Les deux enfants finirent par rentrer à la fin de la journée. Kaysha accompagnait Jérôme jusqu’à sa caravane, rieurs d’abord. Mais leurs visages réjouis furent bien vite défaits. Christopher sortait de la caravane de Jérôme, les mains sur sa boucle de ceinture, qu’il s’efforçait de rattacher. En apercevant les deux enfants, Christopher s’arrêta.

Les trois restaient ainsi immobiles, Jérôme confus et embarrassé, Kaysha retenant sa fureur en serrant les poings, et Christopher était presque interrogateur, son regard demandant aux enfants pourquoi ils étaient là. Jérôme se rapprocha imperceptiblement de Kaysha. Christopher avala sa salive en bouclant parfaitement sa ceinture. Il enjamba rapidement les escaliers, passa devant les deux enfants en ébouriffant les cheveux de Jérôme, et ignorant presque Kaysha.

Jérôme se retourna sur le passage de Christopher pour le regarder partir. Kaysha restait immobile. En la regardant, Jérôme cru d’abord qu’elle allait s’effondrer. Elle fit tourner son regard dans le sien, en le regardant comme si elle le voyait pour la première fois. Jérôme entre-ouvrit la bouche, comme s’il allait dire quelque chose, mais rien n’en sortit. Il sentait son cœur s’accélérer dans sa poitrine, en même temps que Kaysha gardait ainsi le silence. Il la regardait lui aussi, faisant jouer ses pupilles sur chacune des parties de son visage aux traits troublés. Sans qu’il s’y attende, elle posa une main sous son oreille et caressa sa joue d’un mouvement du pouce.

-         Tu perds tes tâches de rousseur, Valeska, dit-elle la voix tremblante, la bouche asséchée et le regard perdu.
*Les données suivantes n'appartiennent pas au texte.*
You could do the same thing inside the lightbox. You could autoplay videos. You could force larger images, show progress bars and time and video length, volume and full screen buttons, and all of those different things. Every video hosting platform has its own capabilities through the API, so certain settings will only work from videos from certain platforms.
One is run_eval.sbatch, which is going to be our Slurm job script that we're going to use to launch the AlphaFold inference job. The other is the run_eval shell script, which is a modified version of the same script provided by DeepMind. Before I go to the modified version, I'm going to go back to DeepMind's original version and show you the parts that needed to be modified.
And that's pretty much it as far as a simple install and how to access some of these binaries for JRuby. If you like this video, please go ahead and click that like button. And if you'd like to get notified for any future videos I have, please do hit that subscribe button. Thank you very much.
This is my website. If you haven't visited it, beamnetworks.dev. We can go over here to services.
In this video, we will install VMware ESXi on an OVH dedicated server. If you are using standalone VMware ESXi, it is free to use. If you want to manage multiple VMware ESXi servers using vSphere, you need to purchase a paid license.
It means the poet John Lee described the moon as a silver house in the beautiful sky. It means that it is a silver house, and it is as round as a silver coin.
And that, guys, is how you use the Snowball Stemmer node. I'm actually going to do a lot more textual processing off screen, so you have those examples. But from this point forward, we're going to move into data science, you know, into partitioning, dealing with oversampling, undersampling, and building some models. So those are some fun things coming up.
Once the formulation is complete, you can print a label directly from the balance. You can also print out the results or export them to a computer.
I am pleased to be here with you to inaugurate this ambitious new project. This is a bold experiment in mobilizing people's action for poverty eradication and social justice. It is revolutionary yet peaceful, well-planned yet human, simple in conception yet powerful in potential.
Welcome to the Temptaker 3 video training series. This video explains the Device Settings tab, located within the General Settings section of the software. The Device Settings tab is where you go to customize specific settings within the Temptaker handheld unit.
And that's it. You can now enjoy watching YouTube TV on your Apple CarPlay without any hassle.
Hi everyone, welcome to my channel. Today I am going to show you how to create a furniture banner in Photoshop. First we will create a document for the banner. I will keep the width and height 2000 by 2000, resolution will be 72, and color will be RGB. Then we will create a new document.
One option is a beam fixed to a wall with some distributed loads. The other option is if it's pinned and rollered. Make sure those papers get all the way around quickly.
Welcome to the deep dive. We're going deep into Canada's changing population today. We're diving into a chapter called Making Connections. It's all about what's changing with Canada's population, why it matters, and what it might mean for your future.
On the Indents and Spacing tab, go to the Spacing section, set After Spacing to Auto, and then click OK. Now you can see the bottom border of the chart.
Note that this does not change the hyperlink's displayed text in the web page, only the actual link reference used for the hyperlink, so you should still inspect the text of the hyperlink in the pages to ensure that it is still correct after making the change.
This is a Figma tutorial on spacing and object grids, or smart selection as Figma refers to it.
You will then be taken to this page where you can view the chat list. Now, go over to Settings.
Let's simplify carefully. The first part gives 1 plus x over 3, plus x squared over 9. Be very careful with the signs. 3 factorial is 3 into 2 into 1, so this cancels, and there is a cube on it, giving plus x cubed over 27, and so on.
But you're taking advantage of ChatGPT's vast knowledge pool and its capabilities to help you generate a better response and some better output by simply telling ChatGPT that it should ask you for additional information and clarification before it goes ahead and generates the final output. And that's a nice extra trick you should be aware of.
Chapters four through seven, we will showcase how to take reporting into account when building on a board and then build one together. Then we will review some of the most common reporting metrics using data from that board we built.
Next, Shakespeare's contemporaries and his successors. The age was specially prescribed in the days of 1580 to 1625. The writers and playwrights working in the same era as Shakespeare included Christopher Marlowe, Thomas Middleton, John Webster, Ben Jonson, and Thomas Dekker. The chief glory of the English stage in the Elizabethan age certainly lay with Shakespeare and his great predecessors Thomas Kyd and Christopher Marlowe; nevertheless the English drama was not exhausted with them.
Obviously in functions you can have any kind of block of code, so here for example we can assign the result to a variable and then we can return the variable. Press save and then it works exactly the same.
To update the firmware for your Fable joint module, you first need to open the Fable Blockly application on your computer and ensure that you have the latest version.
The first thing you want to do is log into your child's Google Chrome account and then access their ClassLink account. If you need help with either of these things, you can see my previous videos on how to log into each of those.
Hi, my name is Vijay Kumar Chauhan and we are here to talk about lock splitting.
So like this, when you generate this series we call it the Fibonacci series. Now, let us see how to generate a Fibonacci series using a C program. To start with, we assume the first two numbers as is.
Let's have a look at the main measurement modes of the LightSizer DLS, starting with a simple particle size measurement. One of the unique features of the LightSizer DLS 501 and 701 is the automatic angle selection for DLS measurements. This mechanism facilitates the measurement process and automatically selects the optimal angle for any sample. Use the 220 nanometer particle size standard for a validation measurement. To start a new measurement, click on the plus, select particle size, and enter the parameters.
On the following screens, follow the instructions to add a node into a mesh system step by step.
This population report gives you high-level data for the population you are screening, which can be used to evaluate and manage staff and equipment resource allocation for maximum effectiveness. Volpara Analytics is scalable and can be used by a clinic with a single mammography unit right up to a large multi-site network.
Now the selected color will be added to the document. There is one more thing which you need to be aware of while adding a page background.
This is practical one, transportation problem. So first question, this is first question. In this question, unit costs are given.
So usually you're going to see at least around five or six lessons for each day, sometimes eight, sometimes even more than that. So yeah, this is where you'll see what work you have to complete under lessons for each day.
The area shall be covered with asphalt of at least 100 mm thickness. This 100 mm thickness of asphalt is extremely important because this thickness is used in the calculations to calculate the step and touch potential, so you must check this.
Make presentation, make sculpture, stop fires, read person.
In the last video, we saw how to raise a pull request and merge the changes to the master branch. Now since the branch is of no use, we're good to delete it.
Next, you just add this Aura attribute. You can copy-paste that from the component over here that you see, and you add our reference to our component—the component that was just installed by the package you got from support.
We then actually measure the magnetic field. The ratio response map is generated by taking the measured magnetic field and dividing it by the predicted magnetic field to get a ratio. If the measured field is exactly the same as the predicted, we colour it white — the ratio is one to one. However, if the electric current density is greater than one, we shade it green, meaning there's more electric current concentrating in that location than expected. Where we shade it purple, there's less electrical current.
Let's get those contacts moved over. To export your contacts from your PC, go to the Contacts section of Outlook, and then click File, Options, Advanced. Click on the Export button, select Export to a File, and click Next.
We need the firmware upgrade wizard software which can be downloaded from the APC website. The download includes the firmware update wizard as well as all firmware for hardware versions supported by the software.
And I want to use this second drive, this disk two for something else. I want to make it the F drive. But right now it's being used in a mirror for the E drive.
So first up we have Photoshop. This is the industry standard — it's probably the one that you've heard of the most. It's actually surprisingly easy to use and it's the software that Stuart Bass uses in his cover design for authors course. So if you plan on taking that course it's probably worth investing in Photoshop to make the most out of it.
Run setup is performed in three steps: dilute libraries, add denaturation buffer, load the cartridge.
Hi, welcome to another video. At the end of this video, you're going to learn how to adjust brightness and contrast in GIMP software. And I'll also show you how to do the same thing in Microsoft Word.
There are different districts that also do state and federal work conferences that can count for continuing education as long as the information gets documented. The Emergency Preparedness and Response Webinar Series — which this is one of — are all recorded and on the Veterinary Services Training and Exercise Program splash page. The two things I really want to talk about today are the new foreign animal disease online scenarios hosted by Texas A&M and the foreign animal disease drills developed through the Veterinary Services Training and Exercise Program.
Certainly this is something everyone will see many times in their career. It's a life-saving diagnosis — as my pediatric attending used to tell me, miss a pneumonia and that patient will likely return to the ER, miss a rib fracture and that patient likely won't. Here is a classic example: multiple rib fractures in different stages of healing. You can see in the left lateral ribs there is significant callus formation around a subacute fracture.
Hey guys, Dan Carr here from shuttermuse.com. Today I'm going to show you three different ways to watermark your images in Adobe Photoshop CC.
Elle retira sa main en battant des cils, confuse.

-         Je suis désolé, dit Jérôme la voix incertaine.

Elle eut un faux rire qui se résumait à un souffle souriant.

-         Moi aussi, dit-elle comme si poitrine était pressée par un étau puissant.

Les deux enfants se regardèrent, comprenant le malaise de l’autre. Ils voulaient se consoler, mais ils n’en trouvaient pas la force, ou le courage. Brusquement, elle colla son front à celui de Jérôme, leur deux nez se touchèrent rapidement, et ils purent se sentir en sécurité. Ils posèrent leurs mains sur les épaules de l’autre.

-         On est les mêmes, dit Jérôme, prenant pour la première fois l’initiative de s’apaiser tous les deux.

-         Les mêmes, continua Kaysha.

Il colla plus fort son front contre celui de la jeune femme, presque à s’en faire mal. Mais ils en avaient tous les deux besoin à ce moment-là. Ils avaient besoin de sentir l’autre vivant et présent.